Fastest way to calculate many regressions in python?

问题

I think I have a pretty reasonable idea on how to do go about accomplishing this, but I'm not 100% sure on all of the steps. This question is mostly intended as a sanity check to ensure that I'm doing this in the most efficient way, and that my math is actually sound (since my statistics knowledge is not completely perfect).

Anyways, some explanation about what I'm trying to do:

I have a lot of time series data that I would like to perform some linear regressions on. In particular, I have roughly 2000 observations on 500 different variables.
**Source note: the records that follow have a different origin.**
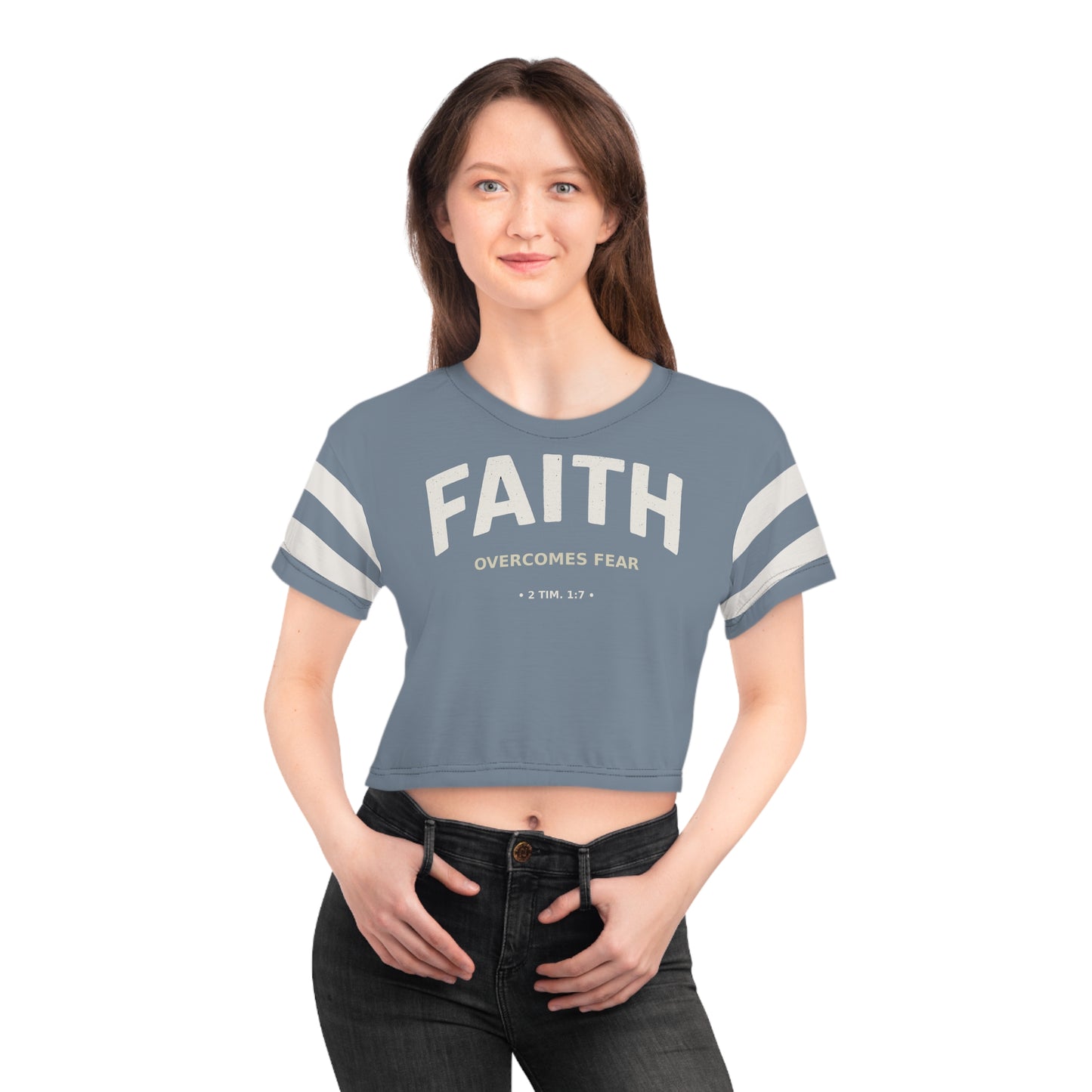 "Faith Overcomes Fear", Crop Tee (Atlantic Grey)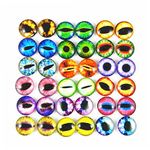 Julie Wang 10mm 100pcs Mixed Style Dragon Eyes Round time gem Cover Glass Cabochon Dome Jewelry Finding Cameo Pendant Settings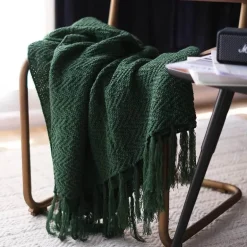 Nordische gestrickte Decke blau Senf gelb Quaste Sofa Teppich Home Dekoration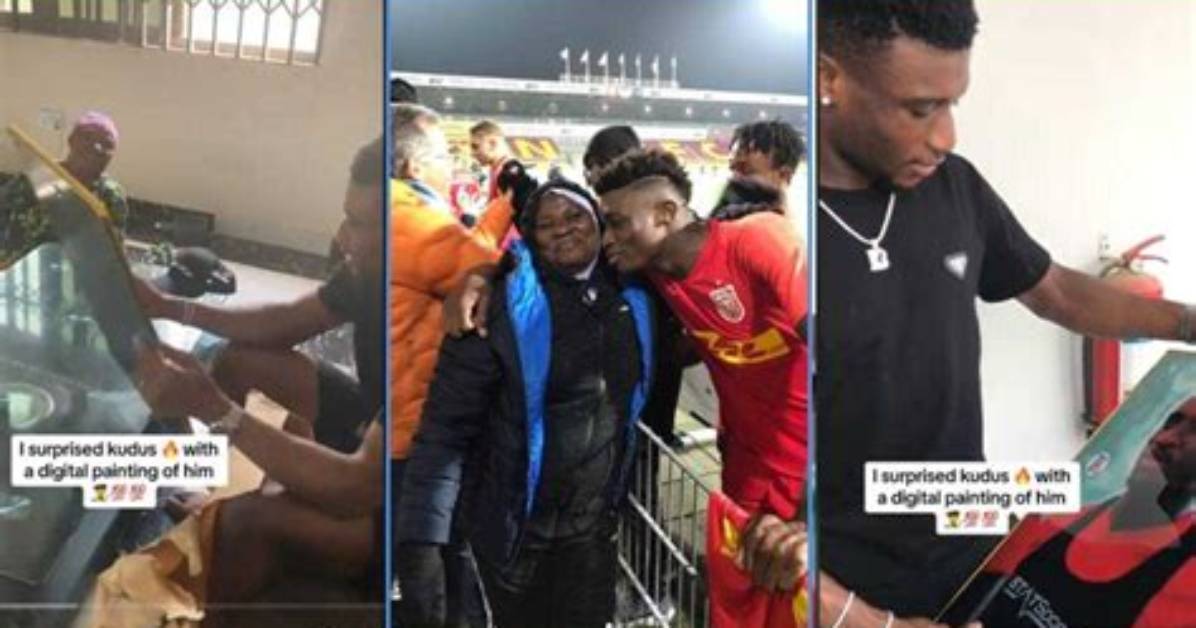 Mohammed Kudus: Footballer Receives Beautiful Painting from Fan in Video, Shows It to His Mum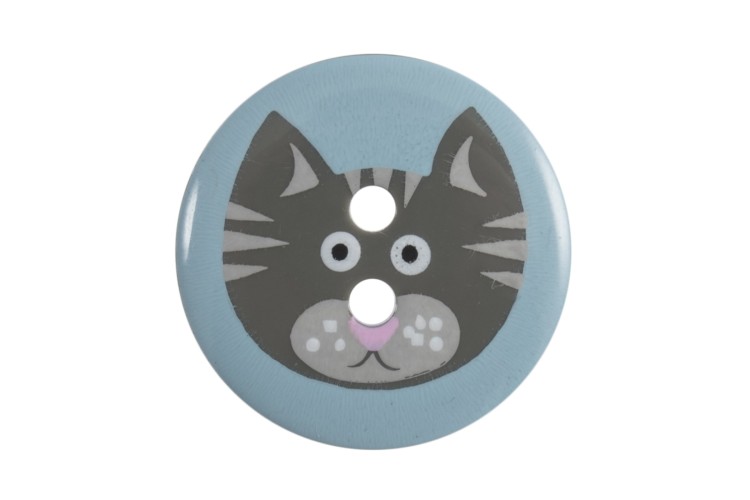 Blue Cat Button 19mm 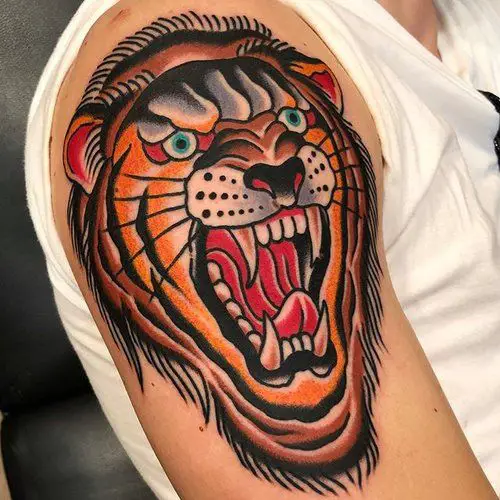 Traditional lion tattoo 2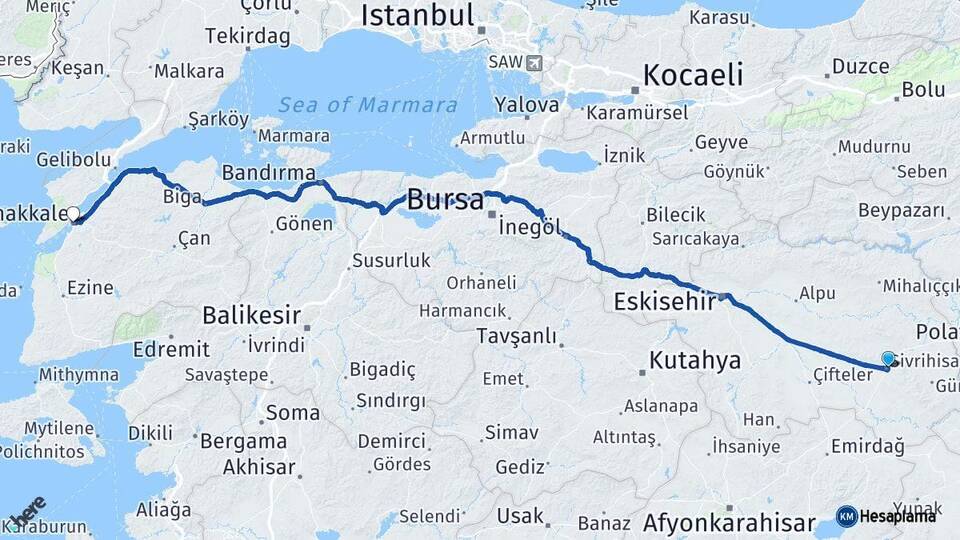 Eskişehir Sivrihisar Çanakkale Arası Kaç Km - Yol Haritası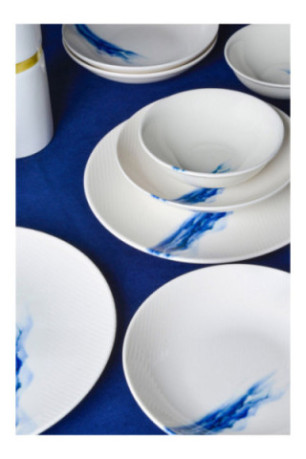 Service de table (18 pièces) - Blanc Bleu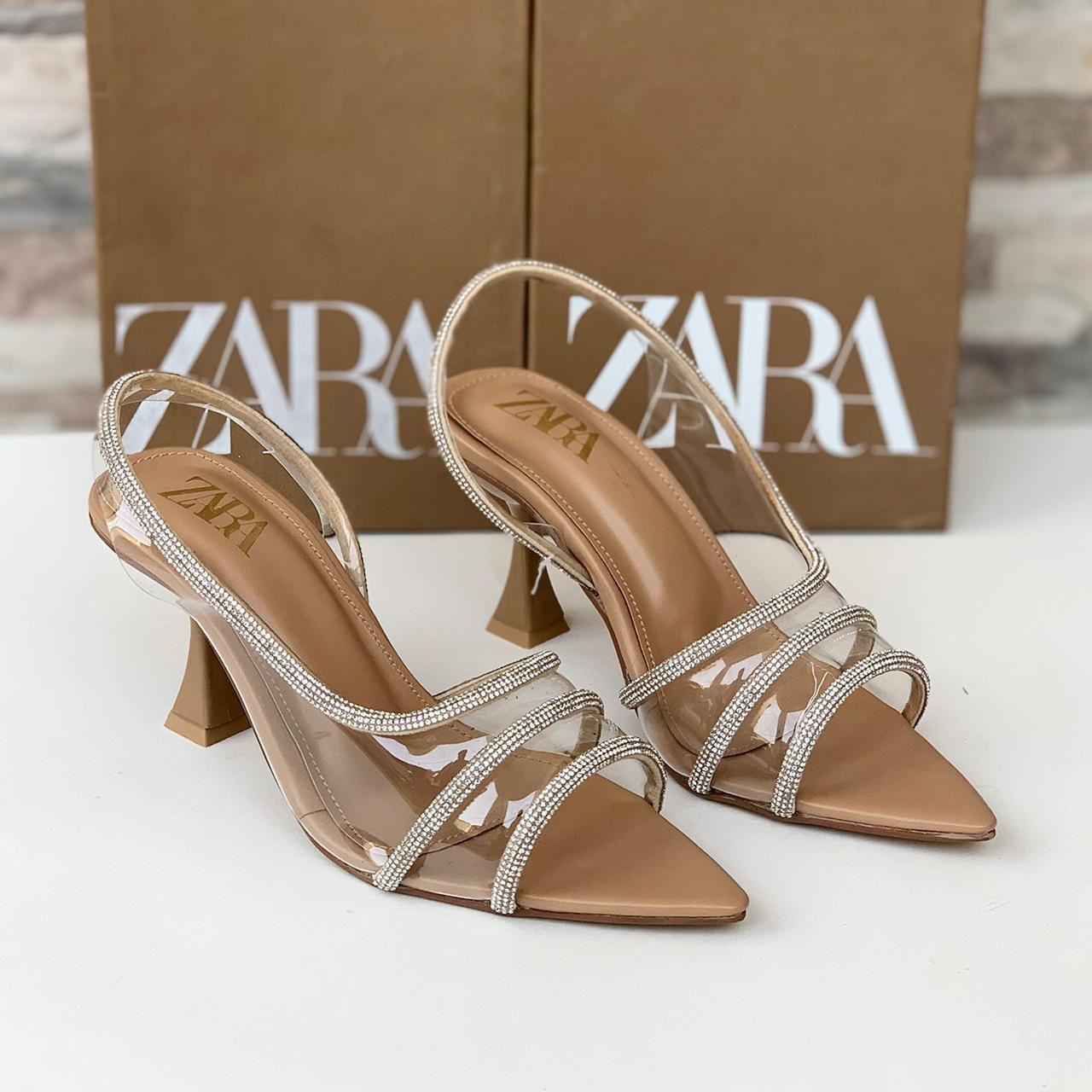 ZARA – Elegant 3-Inch Heels (Gold/White)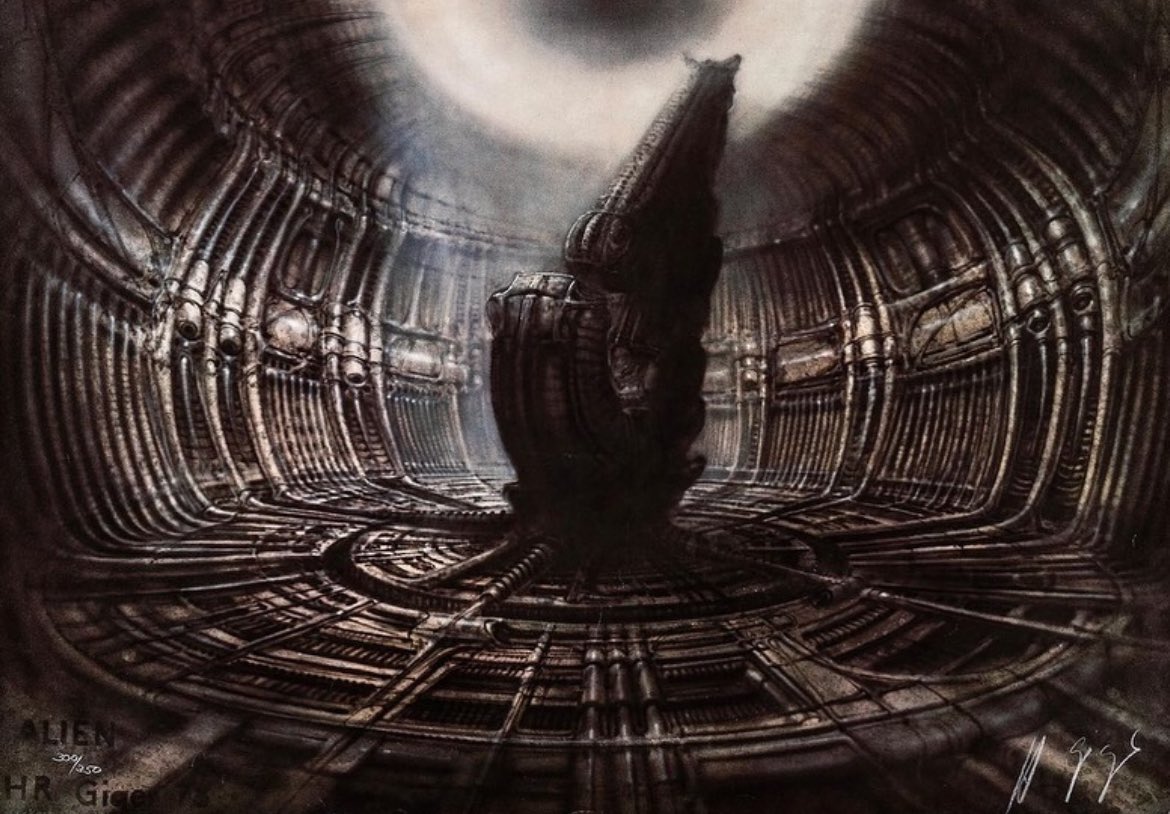 xe0_xeo's tweet photo. Alien concept art - H.R. Giger https://t.co/w90whZ22qM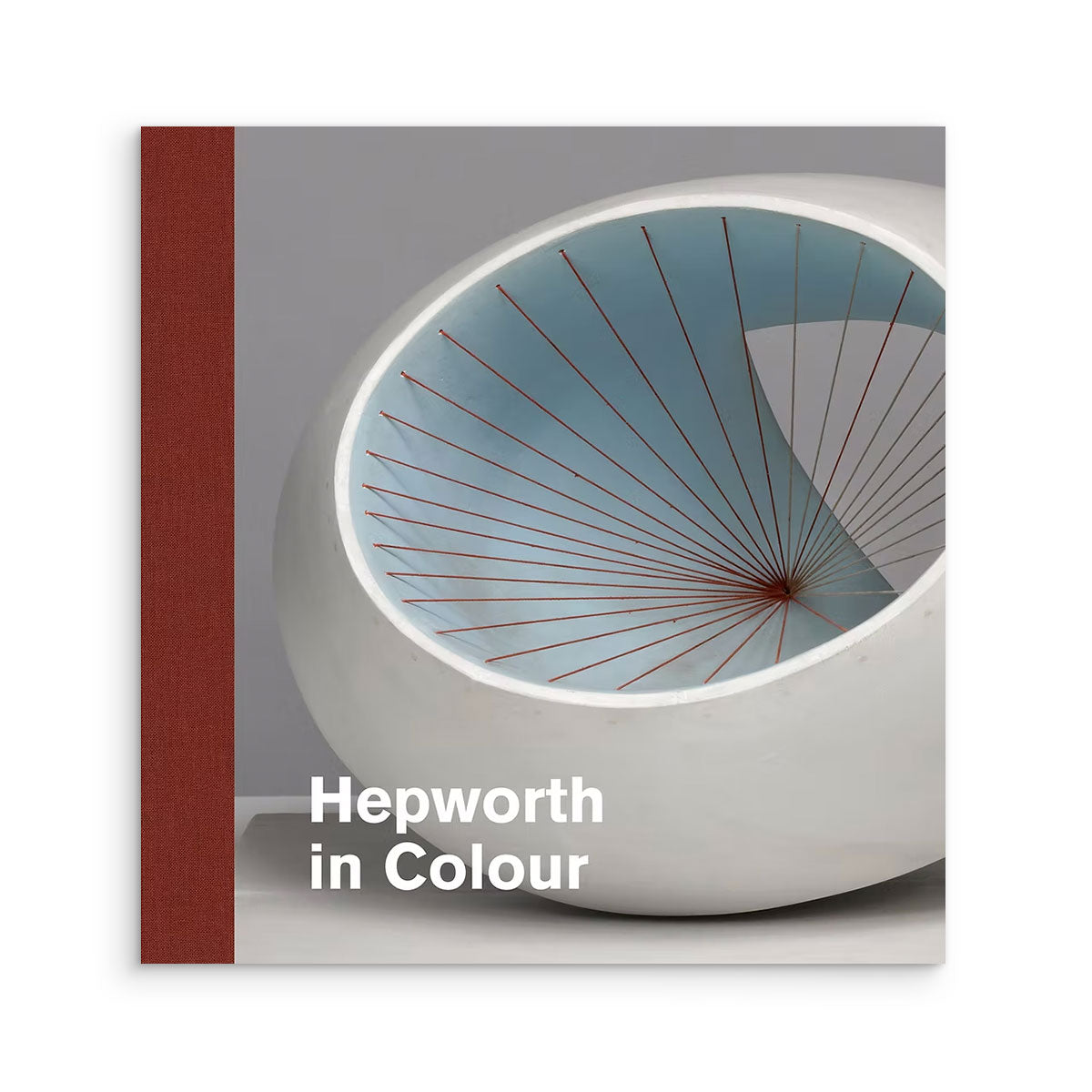 Book cover for Hepworth in Colour exhibition. It shows a white oval sculpture with red threads inside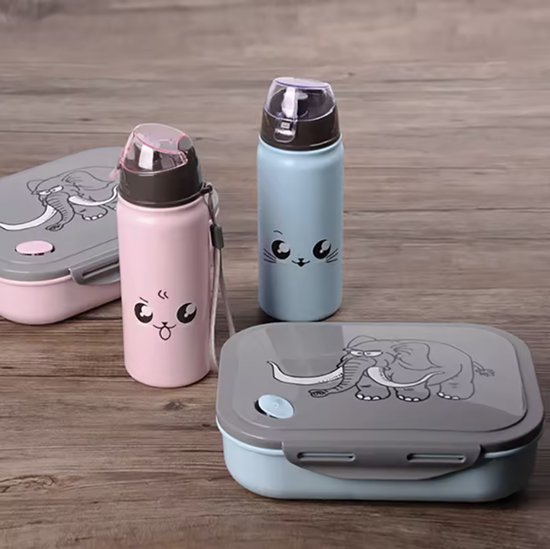 Set boîte à lunch éléphant (21*16,5*6cm) + gourde en acier inoxydable (D6,5*19cm / 400ml) - boîte à lunch enfants - Boîte à pain Blauw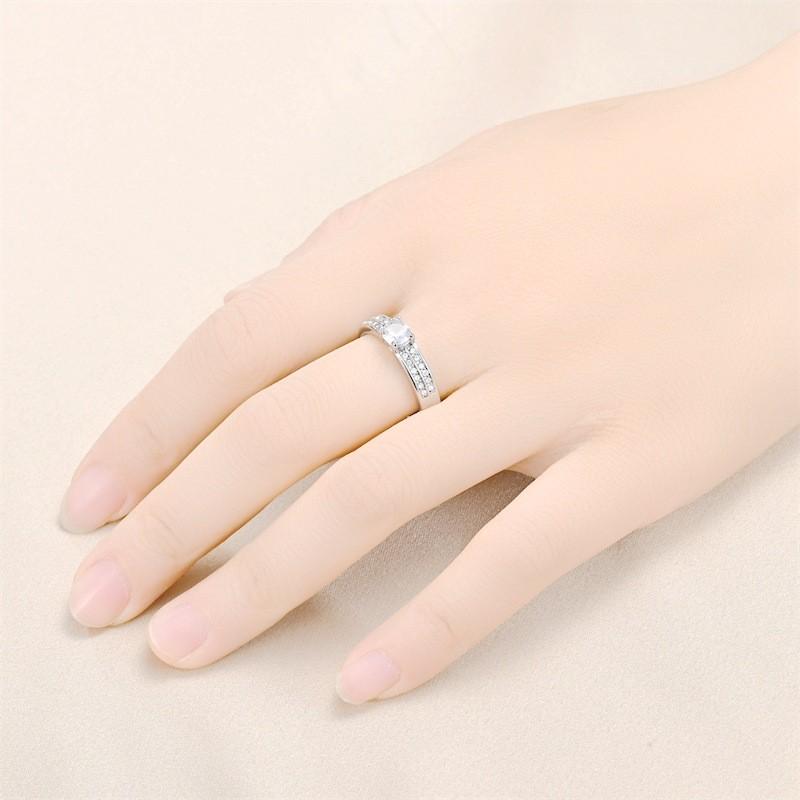 Nhẫn Thép Không Gỉ, 6mm, Hai Hàng Zircon, Phong Cách Cổ Điển Nhẫn Nữ, Thương Hiệu Thời Trang, Chất Liệu Thép Titan. 3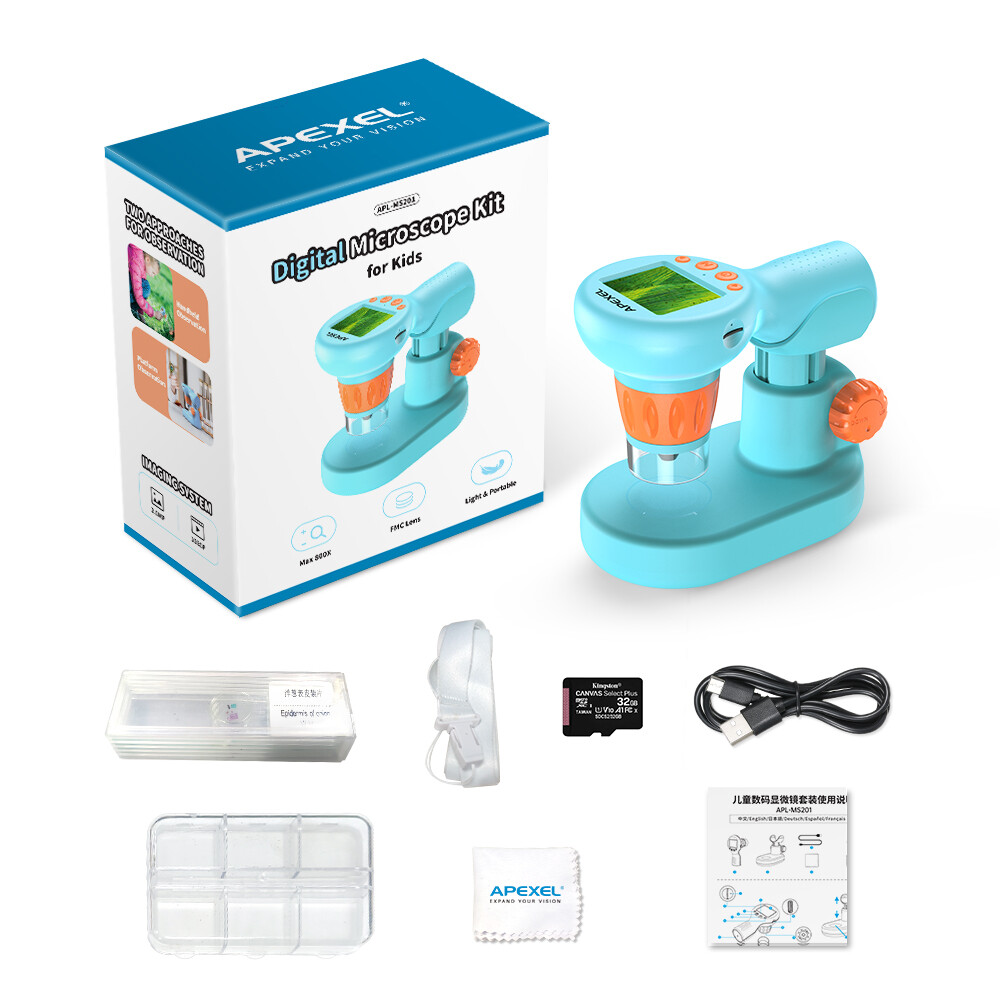APEXEL 800X Children Digital Microscope With LCD Screen Zoom Microscopes for Kid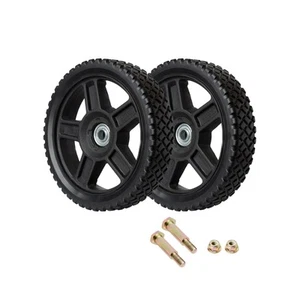 8 Inch Lawn Mower Wheels Wheel kits with Bolts & Nuts - Set of 2 Push Mower P... - Picture 1 of 6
For each variable, I need to perform a regression using two explanatory variables (two additional vectors of roughly 2000 observations). So for each of 500 different Y's, I would need to find a and b in the following regression Y = aX_1 + bX_2 + e.

Up until this point, I have been using the OLS function in the statsmodels package to perform my regressions. However, as far as I can tell, if I wanted to use the statsmodels package to accomplish my problem, I would have to call it hundreds of times, which just seems generally inefficient.

So instead, I decided to revisit some statistics that I haven't really touched in a long time. If my knowledge is still correct, I can put all of my observations into one large Y matrix that is roughly 2000 x 500. I can then stick my explanatory variables into an X matrix that is roughly 2000 x 2, and get the results of all 500 of my regressions by calculating (X'Y)/(X'X). If I do this using basic numpy stuff (matrix multiplication using * and inverses using matrix.I), I'm guessing it will be much faster than doing hundreds of statsmodel OLS calls.

Here are the questions that I have:

Is the numpy stuff that I am doing faster than the earlier method of calling statsmodels many times? If so, is it the fastest/most efficient way to accomplish what I want? I'm assuming that it is, but if you know of a better way then I would be happy to hear it. (Surely I'm not the first person to need to calculate many regressions in this way.)
How do I deal with missing data in my matrices? My time series data is not going to be nice and complete, and will be missing values occasionally. If I just try to do regular matrix multiplication in numpy, the NA values will propagate and I'll end up with a matrix of mostly NAs as my end result. If I do each regression independently, I can just drop the rows containing NAs before I perform my regression, but if I do this on the large 2000 x 500 matrix I will end up dropping actual, non-NA data from some of my other variables, and I obviously don't want that to happen.
What is the most efficient way to ensure that my time series data actually lines up correctly before I put it into the matrices in the first place? The start and end dates for my observations are not necessarily the same, and some series might have days that others do not. If I were to pick a method for doing this, I would put all the observations into a pandas data frame indexed by the date. Then pandas will end up doing all of the work aligning everything for me and I can extract the underlying ndarray after it is done. Is this the best method, or does pandas have some sort of overhead that I can avoid by doing the matrix construction in a different way?

回答1:

some brief answers

1) Calling statsmodels repeatedly is not the fastest way. If we just need parameters, prediction and residual and we have identical explanatory variables, then I usually just use params = pinv(x).dot(y) where y is 2 dimensional and calculate the rest from there. The problem is that inference, confidence intervals and similar require work, so unless speed is crucial and only a restricted set of results is required, statsmodels OLS is still more convenient.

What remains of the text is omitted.